**ACTION ITEM:**
Return all the entries word for word.

**Short descriptive text snippets:**
__________
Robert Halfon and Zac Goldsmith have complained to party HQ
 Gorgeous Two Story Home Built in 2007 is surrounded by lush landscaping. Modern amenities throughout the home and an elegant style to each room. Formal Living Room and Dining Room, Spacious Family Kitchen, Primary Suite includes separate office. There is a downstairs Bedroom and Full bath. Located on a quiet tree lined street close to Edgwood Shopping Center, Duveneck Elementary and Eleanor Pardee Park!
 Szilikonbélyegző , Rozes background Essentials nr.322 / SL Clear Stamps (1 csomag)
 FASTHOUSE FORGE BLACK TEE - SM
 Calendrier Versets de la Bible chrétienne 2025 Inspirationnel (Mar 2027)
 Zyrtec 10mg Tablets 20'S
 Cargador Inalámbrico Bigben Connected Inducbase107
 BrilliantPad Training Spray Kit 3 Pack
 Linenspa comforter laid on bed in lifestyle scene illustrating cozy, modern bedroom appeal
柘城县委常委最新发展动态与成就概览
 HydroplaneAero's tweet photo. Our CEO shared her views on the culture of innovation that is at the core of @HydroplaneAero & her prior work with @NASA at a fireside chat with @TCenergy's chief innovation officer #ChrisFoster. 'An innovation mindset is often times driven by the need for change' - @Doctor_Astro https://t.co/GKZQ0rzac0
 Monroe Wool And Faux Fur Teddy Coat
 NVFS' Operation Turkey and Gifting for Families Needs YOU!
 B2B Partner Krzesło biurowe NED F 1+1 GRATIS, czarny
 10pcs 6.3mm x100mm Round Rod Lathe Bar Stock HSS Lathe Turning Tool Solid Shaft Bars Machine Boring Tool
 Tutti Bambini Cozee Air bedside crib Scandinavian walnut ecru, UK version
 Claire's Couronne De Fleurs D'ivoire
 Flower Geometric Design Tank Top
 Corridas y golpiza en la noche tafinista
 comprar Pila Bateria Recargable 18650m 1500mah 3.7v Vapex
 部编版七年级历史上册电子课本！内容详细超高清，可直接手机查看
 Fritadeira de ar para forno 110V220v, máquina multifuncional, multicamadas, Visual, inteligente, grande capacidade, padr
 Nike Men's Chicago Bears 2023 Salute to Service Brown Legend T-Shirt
__________
**RESPONSE TO THIS TASK:**
Robert Halfon and Zac Goldsmith have complained to party HQ
 Gorgeous Two Story Home Built in 2007 is surrounded by lush landscaping. Modern amenities throughout the home and an elegant style to each room. Formal Living Room and Dining Room, Spacious Family Kitchen, Primary Suite includes separate office. There is a downstairs Bedroom and Full bath. Located on a quiet tree lined street close to Edgwood Shopping Center, Duveneck Elementary and Eleanor Pardee Park!
 Szilikonbélyegző , Rozes background Essentials nr.322 / SL Clear Stamps (1 csomag)
 FASTHOUSE FORGE BLACK TEE - SM
 Calendrier Versets de la Bible chrétienne 2025 Inspirationnel (Mar 2027)
 Zyrtec 10mg Tablets 20'S
 Cargador Inalámbrico Bigben Connected Inducbase107
 BrilliantPad Training Spray Kit 3 Pack
 Linenspa comforter laid on bed in lifestyle scene illustrating cozy, modern bedroom appeal
柘城县委常委最新发展动态与成就概览
 HydroplaneAero's tweet photo. Our CEO shared her views on the culture of innovation that is at the core of @HydroplaneAero & her prior work with @NASA at a fireside chat with @TCenergy's chief innovation officer #ChrisFoster. 'An innovation mindset is often times driven by the need for change' - @Doctor_Astro https://t.co/GKZQ0rzac0
 Monroe Wool And Faux Fur Teddy Coat
 NVFS' Operation Turkey and Gifting for Families Needs YOU!
 B2B Partner Krzesło biurowe NED F 1+1 GRATIS, czarny
 10pcs 6.3mm x100mm Round Rod Lathe Bar Stock HSS Lathe Turning Tool Solid Shaft Bars Machine Boring Tool
 Tutti Bambini Cozee Air bedside crib Scandinavian walnut ecru, UK version
 Claire's Couronne De Fleurs D'ivoire
 Flower Geometric Design Tank Top
 Corridas y golpiza en la noche tafinista
 comprar Pila Bateria Recargable 18650m 1500mah 3.7v Vapex
 部编版七年级历史上册电子课本！内容详细超高清，可直接手机查看
 Fritadeira de ar para forno 110V220v, máquina multifuncional, multicamadas, Visual, inteligente, grande capacidade, padr
 Nike Men's Chicago Bears 2023 Salute to Service Brown Legend T-Shirt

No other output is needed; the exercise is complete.